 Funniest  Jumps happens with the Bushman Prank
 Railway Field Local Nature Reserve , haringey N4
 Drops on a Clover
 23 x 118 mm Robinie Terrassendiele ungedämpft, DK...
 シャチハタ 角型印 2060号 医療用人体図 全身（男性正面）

· · · · ·

> **Work to be completed**: In full and without any edits, output the material above.

> **Written solution**:
 Funniest  Jumps happens with the Bushman Prank
 Railway Field Local Nature Reserve , haringey N4
 Drops on a Clover
 23 x 118 mm Robinie Terrassendiele ungedämpft, DK...
 シャチハタ 角型印 2060号 医療用人体図 全身（男性正面）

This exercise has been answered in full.